Mercedes boss Wolff wants to hear Vettel's view of Hamilton clash

Mercedes' Toto Wolff wants to speak to Sebastian Vettel before judging the Ferrari driver's actions in his Azerbaijan Grand Prix collision with Formula 1 title rival with Lewis Hamilton

Mercedes boss Wolff wants to hear Vettel's view of Hamilton clash

Vettel was handed a 10-second stop-go penalty, plus three penalty points on his licence, when deemed to have driven in a potentially dangerous manner by swerving into Hamilton ahead of a safety car restart while furious at what he felt had been a brake-test.

Hamilton said Vettel had "disgraced himself" with the move, but when that was put to Wolff by Autosport he replied: "Disgraced himself with his behaviour? Hmm.

"You know the emotions go high in a race car.

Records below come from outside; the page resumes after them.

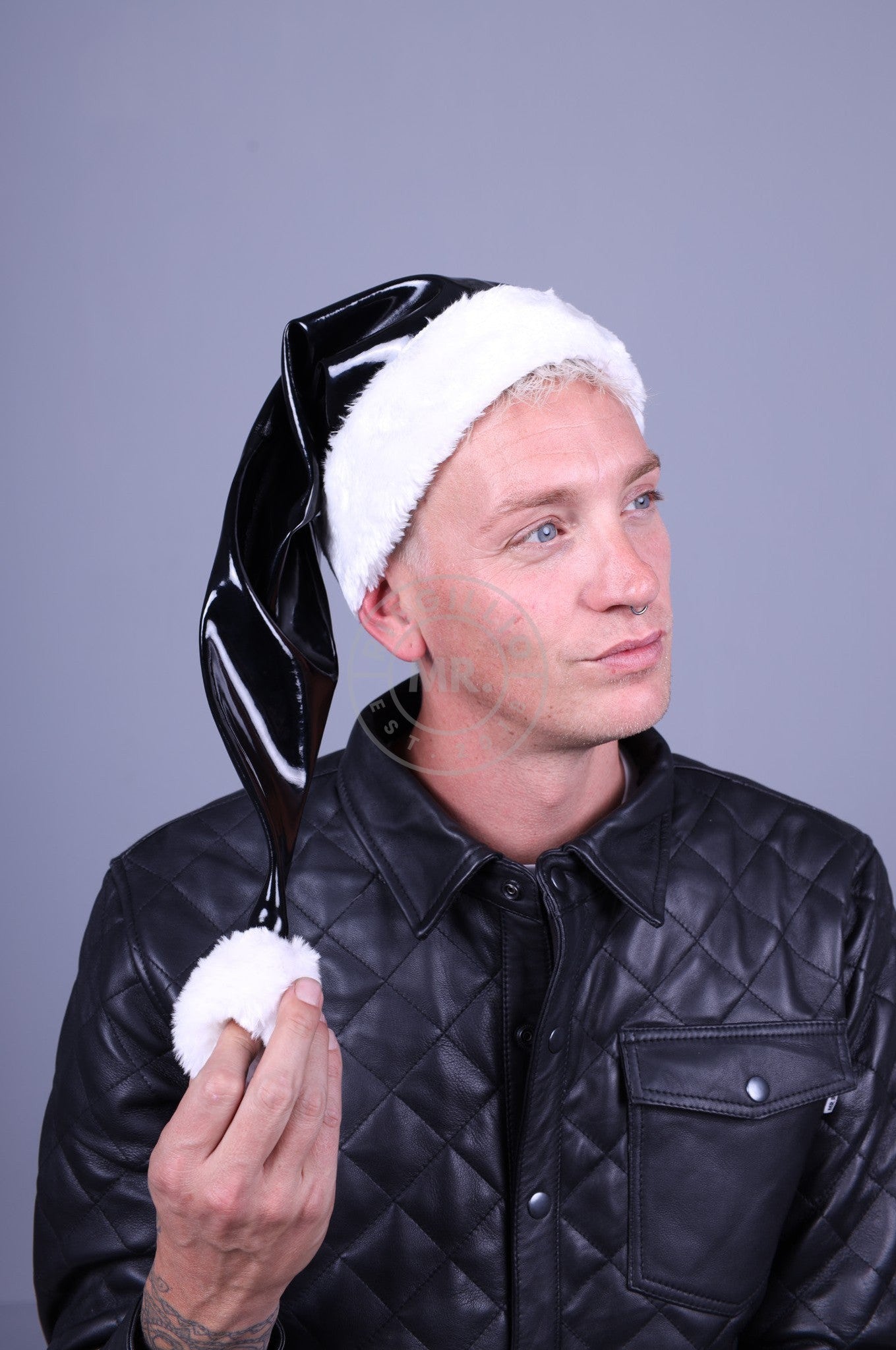 Black Heavy PVC Christmas Hat at MR. Riegillio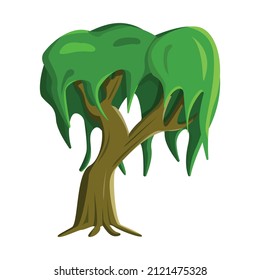 Realistic green sprawling tree isolated on white background - Vector illustration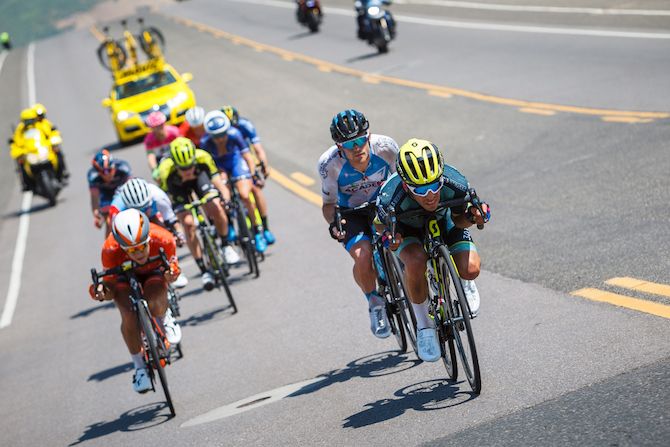 Breakaway riders tuck in on one of today's descents on stage 3 of the 2018 Tour of Utah in Layton, Utah.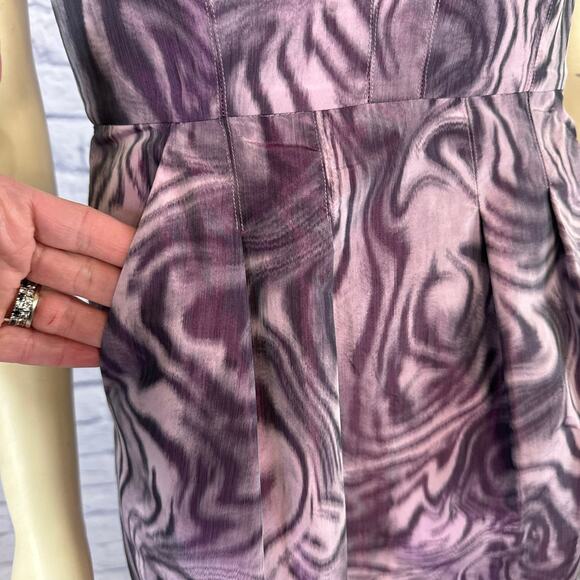 BCBGMaxAzria “Martina” Strapless Cocktail Dress purple and pink size 02 - Picture 6 of 12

"Like we've seen in the past, you have the visor down and you have your own perception of events so I guess the only explanation I have - and I'm not going to protect Sebastian here - is that Sebastian thought Lewis was brake-testing him, which he wasn't.

"We have seen that in the data, with the safety car being 150 metres ahead. So that was a wrong judgement.

"I almost can't imagine that he did it on purpose in shunting into him.

"So I'd like to speak to him personally and hear what he says about the incident rather than making a judgement without properly having heard his statement."

As well as being upset at what Vettel did, Hamilton was also unhappy that his championship rival had escaped with just a time penalty rather than a heavier sanction.

Asked for his thoughts on the penalty, Wolff said: "If a driver does that on purpose in anger, then you have to think about the size of the penalty.

"Of course he is a four-time world champion and in Formula 1 we are setting examples to all the young drivers out there about what is all allowed and what is not.

"It is difficult for me to understand. It didn't change anything."

But while drawing short of criticising Vettel for what happened, Wolff was adamant that Hamilton was entirely innocent.

"First of all, the leading driver can manage the pace," added Wolff.

"The safety car was barely 150 metres in front of him, and you could have seen at the restart before that he almost caught the safety car over the safety car line.

"So there was never a question that at that stage he would accelerate. No way.

"Looking at the data, there was no brake involved.

"He went through the corner and went out of the throttle and Sebastian went into him."